Water is the stuff of life. The amount of precipitation falling each month in any given location can have a direct impact on the local economy, livelihoods, and life itself. Farmers and gardeners depend on rain and other forms of precipitation to grow their crops and plants. Precipitation replenishes irrigation and water supply sources such as rivers and mountain snowpack. Water managers who work to ensure that communities have enough water for drinking, washing, and industrial uses are also interested in monitoring precipitation. Too much precipitation (leading to floods) or too little (leading to drought) can threaten public safety and damage community infrastructure.

Conditions in 2014

Map showing precipitation in 2014 compared to the 1988-2010 average.

Precipitation in 2014 compared to the 1988-2010 average. Map adapted from Plate 2.1m in State of the Climate in 2014. Download editable PDF.

Adapted from the 2014 BAMS State of the Climate report, the map shows precipitation across the globe in 2014 compared to the 1988-2010 average. The map shows areas with below-average precipitation (brown) and above-average precipitation (green) in 2014. When taken as a whole, precipitation over land was generally below average, while precipitation over the oceans was above average.

Patterns on the map partially reflect the impact of the developing El Niño-like conditions on different places, including drier conditions in the Maritime Continent (Southeast Asia) and wetter conditions along the equatorial Pacific.

Southeastern North America, eastern Europe, northeastern South America, central Africa, much of southeast Asia, and eastern Australia were drier than usual. Compared to 2013, however, dry conditions over western North America, northern Eurasia, and southern Africa became less extreme.

Above-average precipitation fell over southern Europe and central South America, with the exception of Brazil. The country experienced striking precipitation deficits in its highly populated southeastern region that includes São Paulo—the largest city in Brazil—and the state of Minas Gerais, where much of the country’s reservoirs are located.
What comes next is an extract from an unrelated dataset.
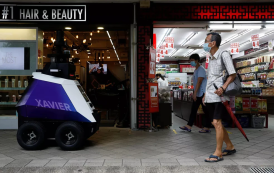Robôs policiais vigiam cidadãos em Singapura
*Note about data: Positive anomalies expanzding over eastern Greenland should be treated with caution given the interpolation over such a data sparse region and lack of concurrence in other hydrological cycle variables.

Reference

Vose, R. S. , K. Hilburn, X. Yin, M. Kruk, and A. Becker, 2015: [Hydrological cycle] Precipitation [in “State of Climate in 2014”]. Bulletin of the American Meteorological Society (BAMS), 96 (7), S24.

Sánchez-Lugo, A., Ed., 2015: South America [in “State of the Climate in 2014”]. Bulletin of the American Meteorological Society (BAMS), 96 (7), S178-S184.